HE spent almost his entire working life teaching at the Malay College Kuala Kangsar (MCKK), building a devotion that was hard to surpass. And for that, Tan Gim Hoe was given a fitting tribute by the old boys of the school at their annual dinner in Kuala Lumpur last Saturday night.
What was even more heart-warming was that Tan’s story struck the right chord in the consciously volatile ethnic relations in the country today.
To put it bluntly, he is Chinese and his job posting for nearly 34 years right after the watershed May 13, 1969, racial riots until he retired in 2005, was at the all-male, all-Malay residential school. He didn’t mind it at all, and when his citation was read out by old boy Tan Sri Azman Mokhtar at the dinner, the applause was loud and clear.
His was yet another case of long-serving and selfless teachers to have left their marks in the MCKK classrooms, and they are mainly non-Malays. In fact, Chinese teachers made up almost 80 per cent of the teaching staff at the school in the 1960s and 1970s. Most have come to be remembered for their commitment till this day.

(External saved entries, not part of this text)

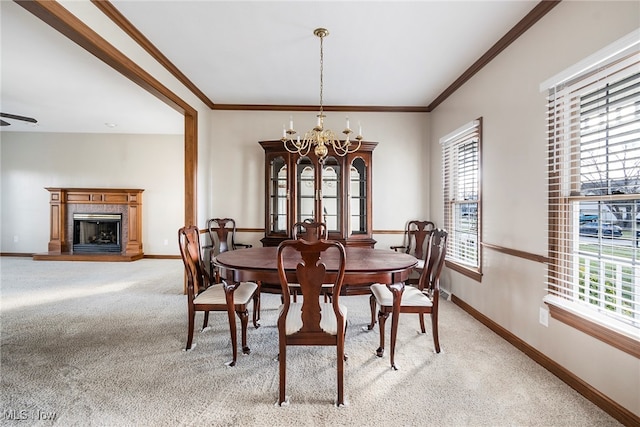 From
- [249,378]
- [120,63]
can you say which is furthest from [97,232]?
[249,378]

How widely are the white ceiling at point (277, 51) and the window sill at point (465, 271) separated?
2.11 meters

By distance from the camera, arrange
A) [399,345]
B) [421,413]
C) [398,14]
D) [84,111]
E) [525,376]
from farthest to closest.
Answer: [84,111]
[399,345]
[398,14]
[525,376]
[421,413]

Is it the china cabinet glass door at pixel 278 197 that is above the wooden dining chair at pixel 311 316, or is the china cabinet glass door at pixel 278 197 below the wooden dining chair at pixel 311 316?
above

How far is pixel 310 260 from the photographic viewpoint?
162 centimetres

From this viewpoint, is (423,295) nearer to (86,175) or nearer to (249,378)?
(249,378)

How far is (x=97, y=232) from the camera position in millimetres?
6168

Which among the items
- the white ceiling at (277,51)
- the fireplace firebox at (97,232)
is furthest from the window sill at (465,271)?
the fireplace firebox at (97,232)

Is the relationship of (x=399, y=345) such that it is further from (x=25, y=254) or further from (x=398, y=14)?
(x=25, y=254)

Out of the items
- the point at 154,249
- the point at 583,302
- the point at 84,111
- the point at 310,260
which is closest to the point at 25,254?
the point at 154,249

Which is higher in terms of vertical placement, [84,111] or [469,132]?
[84,111]

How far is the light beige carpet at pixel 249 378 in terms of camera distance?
5.16 feet

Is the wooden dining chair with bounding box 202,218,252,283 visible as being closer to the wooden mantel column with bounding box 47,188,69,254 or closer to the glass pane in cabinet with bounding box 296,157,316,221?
the glass pane in cabinet with bounding box 296,157,316,221

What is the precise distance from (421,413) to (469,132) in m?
2.76

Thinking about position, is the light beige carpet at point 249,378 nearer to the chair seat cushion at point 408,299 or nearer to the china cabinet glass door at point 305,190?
the chair seat cushion at point 408,299
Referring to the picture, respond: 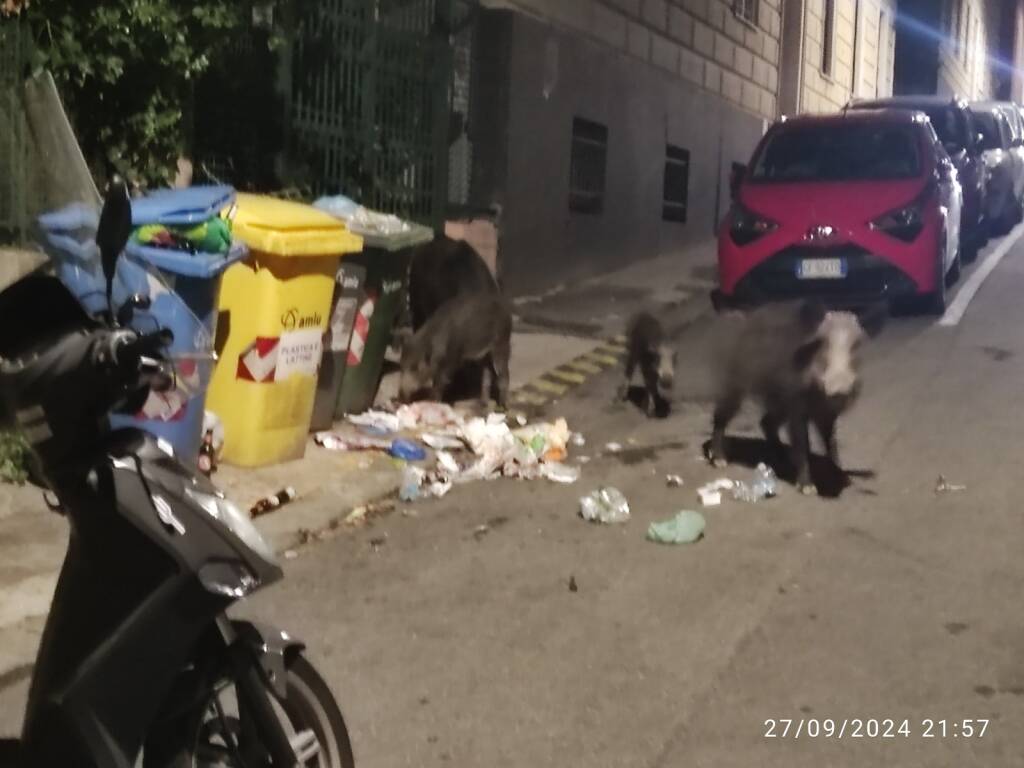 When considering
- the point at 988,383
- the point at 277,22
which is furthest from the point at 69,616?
the point at 988,383

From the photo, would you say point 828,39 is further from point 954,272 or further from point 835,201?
point 835,201

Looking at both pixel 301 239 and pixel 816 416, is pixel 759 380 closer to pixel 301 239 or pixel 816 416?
pixel 816 416

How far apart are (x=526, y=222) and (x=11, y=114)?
6.83m

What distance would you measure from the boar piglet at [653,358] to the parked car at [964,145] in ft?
23.0

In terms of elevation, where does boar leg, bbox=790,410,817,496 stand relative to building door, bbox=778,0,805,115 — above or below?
below

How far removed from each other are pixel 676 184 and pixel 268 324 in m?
11.9

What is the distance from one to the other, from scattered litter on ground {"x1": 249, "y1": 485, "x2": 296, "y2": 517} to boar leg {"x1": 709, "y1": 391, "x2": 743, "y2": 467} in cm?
251

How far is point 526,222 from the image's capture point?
13.3m

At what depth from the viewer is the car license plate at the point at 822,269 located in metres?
11.4

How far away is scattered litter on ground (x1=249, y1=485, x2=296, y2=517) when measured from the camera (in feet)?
21.7

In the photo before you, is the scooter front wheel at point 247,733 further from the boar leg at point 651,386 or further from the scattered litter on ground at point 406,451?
the boar leg at point 651,386

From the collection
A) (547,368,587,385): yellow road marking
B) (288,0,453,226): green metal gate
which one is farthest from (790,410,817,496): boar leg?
(288,0,453,226): green metal gate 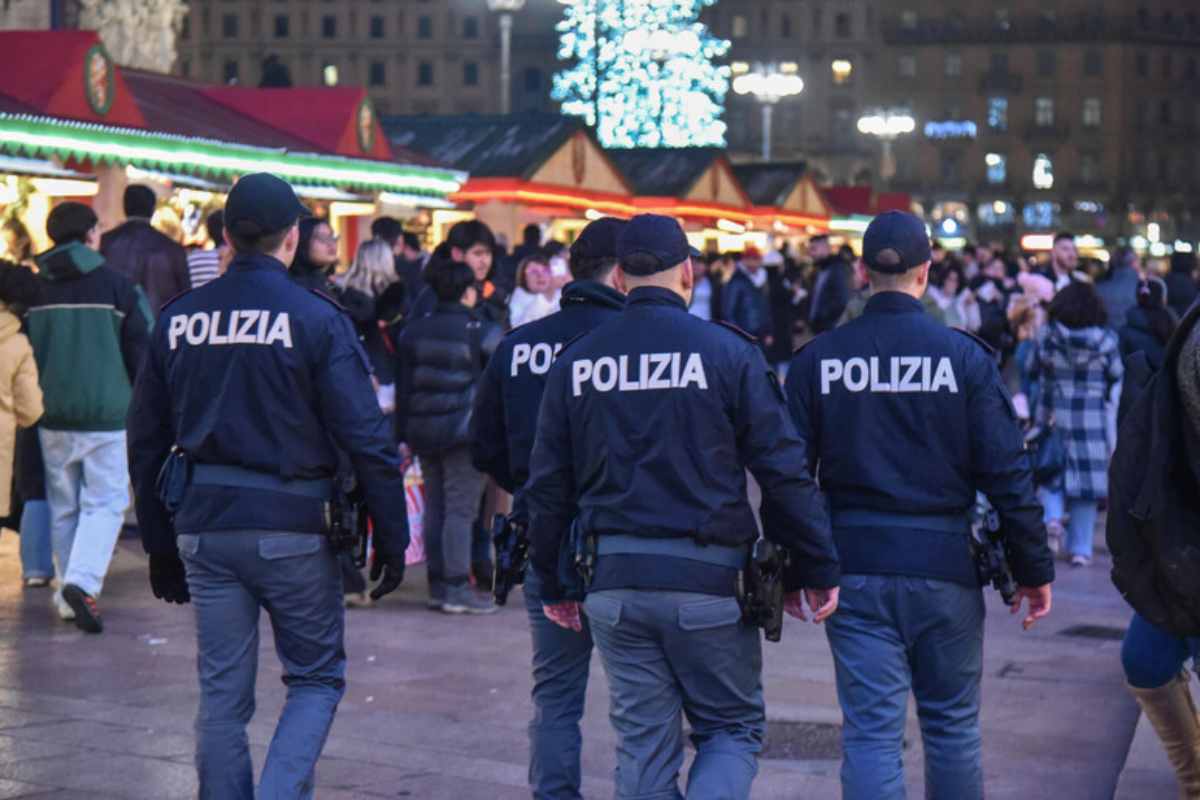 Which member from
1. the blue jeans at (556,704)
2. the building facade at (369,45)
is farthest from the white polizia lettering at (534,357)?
the building facade at (369,45)

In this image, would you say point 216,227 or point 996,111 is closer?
point 216,227

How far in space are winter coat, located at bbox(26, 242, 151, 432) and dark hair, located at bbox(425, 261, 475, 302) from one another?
142 cm

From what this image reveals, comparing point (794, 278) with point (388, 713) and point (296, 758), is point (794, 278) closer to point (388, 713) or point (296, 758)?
→ point (388, 713)

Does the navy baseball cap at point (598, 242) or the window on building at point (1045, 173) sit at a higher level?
the navy baseball cap at point (598, 242)

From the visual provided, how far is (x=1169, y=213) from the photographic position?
13662 cm

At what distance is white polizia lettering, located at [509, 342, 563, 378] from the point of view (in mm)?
7281

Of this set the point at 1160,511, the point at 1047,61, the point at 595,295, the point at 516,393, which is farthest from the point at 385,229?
the point at 1047,61

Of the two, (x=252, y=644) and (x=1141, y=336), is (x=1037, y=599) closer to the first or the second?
(x=252, y=644)

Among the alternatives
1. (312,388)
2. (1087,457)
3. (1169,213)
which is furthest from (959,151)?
(312,388)

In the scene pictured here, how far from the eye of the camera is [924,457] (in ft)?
20.6

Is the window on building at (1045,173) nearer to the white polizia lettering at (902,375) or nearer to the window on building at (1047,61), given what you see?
the window on building at (1047,61)

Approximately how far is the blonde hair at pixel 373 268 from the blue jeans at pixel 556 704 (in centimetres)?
604

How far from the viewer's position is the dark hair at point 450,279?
11.5 meters

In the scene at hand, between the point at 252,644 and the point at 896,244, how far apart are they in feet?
6.72
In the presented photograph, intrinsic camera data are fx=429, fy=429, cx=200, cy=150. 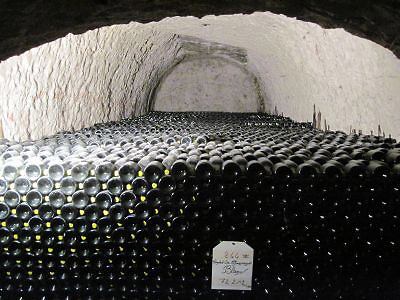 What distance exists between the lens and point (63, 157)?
1537mm

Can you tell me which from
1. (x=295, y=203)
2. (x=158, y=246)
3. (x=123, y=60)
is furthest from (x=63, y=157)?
(x=123, y=60)

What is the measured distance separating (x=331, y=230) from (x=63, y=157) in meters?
0.96

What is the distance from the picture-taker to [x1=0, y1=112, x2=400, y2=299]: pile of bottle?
1400mm

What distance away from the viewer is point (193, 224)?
1.43 metres

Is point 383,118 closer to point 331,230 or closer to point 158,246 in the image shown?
point 331,230

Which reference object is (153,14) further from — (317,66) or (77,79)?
(317,66)

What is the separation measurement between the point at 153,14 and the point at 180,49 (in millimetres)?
4277

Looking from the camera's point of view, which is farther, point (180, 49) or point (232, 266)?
point (180, 49)

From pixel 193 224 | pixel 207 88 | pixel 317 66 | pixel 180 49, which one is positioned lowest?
pixel 193 224

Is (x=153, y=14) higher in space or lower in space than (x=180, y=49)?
lower

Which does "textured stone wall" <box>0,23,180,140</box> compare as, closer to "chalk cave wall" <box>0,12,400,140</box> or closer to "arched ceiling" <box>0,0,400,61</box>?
"chalk cave wall" <box>0,12,400,140</box>

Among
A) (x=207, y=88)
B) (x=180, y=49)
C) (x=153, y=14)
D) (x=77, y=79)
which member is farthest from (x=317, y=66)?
(x=207, y=88)

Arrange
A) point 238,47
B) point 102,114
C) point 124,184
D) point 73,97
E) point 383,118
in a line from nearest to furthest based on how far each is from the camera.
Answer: point 124,184 → point 383,118 → point 73,97 → point 102,114 → point 238,47

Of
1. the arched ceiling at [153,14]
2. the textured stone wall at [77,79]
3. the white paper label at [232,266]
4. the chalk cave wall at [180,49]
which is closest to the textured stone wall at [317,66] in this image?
the chalk cave wall at [180,49] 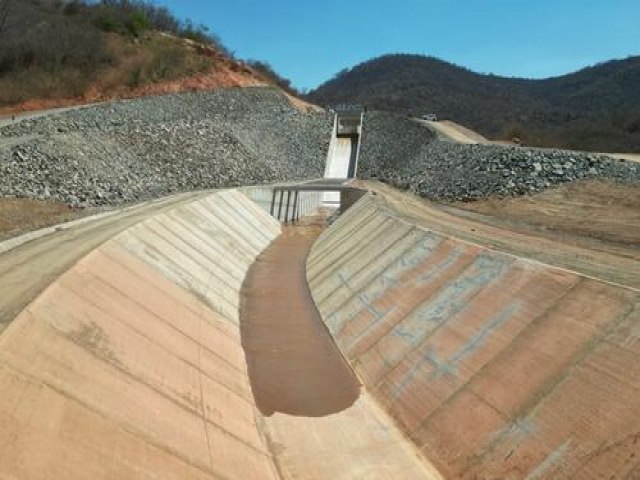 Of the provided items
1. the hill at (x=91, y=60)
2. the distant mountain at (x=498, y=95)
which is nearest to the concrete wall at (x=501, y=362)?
the hill at (x=91, y=60)

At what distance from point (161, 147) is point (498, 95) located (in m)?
142

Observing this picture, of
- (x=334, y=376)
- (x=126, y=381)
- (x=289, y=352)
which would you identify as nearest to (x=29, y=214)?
(x=289, y=352)

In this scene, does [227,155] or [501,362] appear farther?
[227,155]

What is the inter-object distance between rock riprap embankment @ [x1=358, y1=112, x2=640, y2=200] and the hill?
17550 millimetres

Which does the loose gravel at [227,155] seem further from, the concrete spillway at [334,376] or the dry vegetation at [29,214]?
the concrete spillway at [334,376]

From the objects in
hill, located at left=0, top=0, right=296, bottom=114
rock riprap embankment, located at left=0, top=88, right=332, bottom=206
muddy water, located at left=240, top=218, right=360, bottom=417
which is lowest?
muddy water, located at left=240, top=218, right=360, bottom=417

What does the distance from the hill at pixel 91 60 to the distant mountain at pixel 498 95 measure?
41019 mm

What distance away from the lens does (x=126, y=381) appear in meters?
11.9

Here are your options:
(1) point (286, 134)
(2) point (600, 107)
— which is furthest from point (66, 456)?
(2) point (600, 107)

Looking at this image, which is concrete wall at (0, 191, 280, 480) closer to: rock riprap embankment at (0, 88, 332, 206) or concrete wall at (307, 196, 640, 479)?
concrete wall at (307, 196, 640, 479)

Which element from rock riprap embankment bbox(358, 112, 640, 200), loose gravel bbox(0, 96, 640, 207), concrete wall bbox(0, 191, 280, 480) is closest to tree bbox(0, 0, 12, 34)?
loose gravel bbox(0, 96, 640, 207)

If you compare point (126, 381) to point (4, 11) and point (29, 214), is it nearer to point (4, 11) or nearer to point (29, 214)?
point (29, 214)

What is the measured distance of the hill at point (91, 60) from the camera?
178ft

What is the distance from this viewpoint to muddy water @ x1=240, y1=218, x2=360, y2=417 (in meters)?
15.5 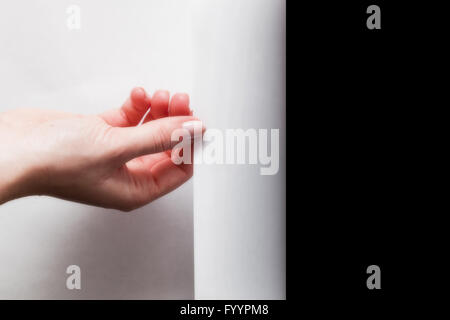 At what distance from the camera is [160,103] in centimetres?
54

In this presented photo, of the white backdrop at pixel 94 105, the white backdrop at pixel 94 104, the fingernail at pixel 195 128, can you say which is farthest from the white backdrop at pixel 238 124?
the white backdrop at pixel 94 105

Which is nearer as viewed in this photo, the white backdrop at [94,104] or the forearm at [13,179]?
the forearm at [13,179]

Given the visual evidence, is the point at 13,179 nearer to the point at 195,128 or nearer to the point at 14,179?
the point at 14,179

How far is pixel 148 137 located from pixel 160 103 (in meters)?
0.10

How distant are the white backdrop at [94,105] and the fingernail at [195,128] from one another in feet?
0.65

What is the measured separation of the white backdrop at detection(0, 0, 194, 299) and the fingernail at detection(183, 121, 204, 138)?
199mm

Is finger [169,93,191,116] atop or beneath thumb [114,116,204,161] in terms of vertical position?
atop

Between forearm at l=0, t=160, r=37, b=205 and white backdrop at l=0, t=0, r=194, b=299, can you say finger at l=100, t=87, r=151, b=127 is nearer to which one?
white backdrop at l=0, t=0, r=194, b=299

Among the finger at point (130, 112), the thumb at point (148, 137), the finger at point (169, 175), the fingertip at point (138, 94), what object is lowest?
the finger at point (169, 175)

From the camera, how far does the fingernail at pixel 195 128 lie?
0.41 meters

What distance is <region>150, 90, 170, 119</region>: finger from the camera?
54 centimetres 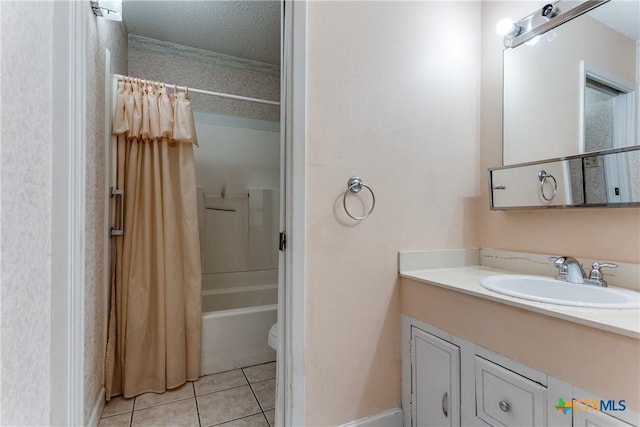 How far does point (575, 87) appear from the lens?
1258 millimetres

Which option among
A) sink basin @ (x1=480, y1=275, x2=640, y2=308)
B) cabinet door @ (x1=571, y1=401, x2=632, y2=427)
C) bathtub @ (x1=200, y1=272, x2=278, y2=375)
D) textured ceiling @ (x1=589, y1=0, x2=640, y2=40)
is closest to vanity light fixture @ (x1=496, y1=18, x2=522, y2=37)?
textured ceiling @ (x1=589, y1=0, x2=640, y2=40)

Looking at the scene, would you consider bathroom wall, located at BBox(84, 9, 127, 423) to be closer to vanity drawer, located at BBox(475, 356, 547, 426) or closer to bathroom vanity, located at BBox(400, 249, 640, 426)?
bathroom vanity, located at BBox(400, 249, 640, 426)

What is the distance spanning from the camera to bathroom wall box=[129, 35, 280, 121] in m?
2.43

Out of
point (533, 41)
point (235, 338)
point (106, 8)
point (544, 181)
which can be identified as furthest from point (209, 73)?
point (544, 181)

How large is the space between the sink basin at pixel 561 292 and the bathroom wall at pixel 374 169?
33 centimetres

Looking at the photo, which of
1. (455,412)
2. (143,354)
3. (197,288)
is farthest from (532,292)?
(143,354)

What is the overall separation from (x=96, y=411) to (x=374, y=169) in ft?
5.84

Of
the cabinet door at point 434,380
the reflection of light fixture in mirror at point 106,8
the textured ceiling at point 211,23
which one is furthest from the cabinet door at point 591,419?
the textured ceiling at point 211,23

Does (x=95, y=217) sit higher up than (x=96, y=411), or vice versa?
(x=95, y=217)

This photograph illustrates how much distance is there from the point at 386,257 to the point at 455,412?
642mm

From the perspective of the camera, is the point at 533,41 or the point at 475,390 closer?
the point at 475,390

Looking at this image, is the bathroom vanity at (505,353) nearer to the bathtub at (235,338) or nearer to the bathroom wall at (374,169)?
the bathroom wall at (374,169)

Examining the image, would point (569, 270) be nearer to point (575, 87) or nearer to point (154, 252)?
point (575, 87)

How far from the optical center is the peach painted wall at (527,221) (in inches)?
44.3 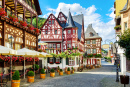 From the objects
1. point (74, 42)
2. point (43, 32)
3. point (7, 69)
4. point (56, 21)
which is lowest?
point (7, 69)

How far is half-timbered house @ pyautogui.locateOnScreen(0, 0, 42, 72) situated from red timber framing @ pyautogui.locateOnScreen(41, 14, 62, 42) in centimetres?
889

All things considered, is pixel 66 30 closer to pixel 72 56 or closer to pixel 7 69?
pixel 72 56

A few years ago, Liew Yong Choon was given the same honour as he was a teacher who had given his all in coaching the school’s basketball team, which had become even better than most all-Chinese schools.
Tan, now in his late 60s, was posted to MCKK in 1972, just after his stint at the teachers’ college, and taught Mathematics to Form One students. By that time, however, I was already in Form Six and my days at the residential school were coming to an end, so I did not really have the privilege to be his student.
But his reputation lasted beyond his years at the school as he built a cult following among his students.
Among other things mentioned in the citation: “Mr Tan would fret and do counselling to those weaker than best students’ performance and would readily do extra tuition class on his own time and initiative. During exam days, especially for the maths paper, Mr Tan would go to the dormitories and personally wake those boys still sleeping, perhaps out of exhaustion from their last- minute study the night before. He would also be the only teacher waiting outside the exam hall wishing and encouraging his students to do well in the maths paper.”
Indeed, school reunion dinners usually bring back a flood of memories that tug the heartstrings like the above tribute. Underneath the private jokes and immortalised stories about the mischief and recalling the days of having a solid love affair with spaghetti westerns and British pops, we have come to accept that those days are gone and will no longer return.
As my classmates and I grow older — some have left us for good — Saturday’s event came as a stark reminder that old teachers and old images are already in the distant past.
And next year for this group of us, it will be our 50th anniversary of entering MCKK as innocent pre-puberty Form One students. Apart from showing how old we have become, the thoughts of the past means that for all of us who entered Form One when Kuala Kangsar was reeling from one of its worst floods on the first week of January 1967, we have been friends for 50 years.
For students in a residential school where hostel life means inter-acting with each other day in and day out, it is a big achievement.
Syed Nadzri is a former NST group editor.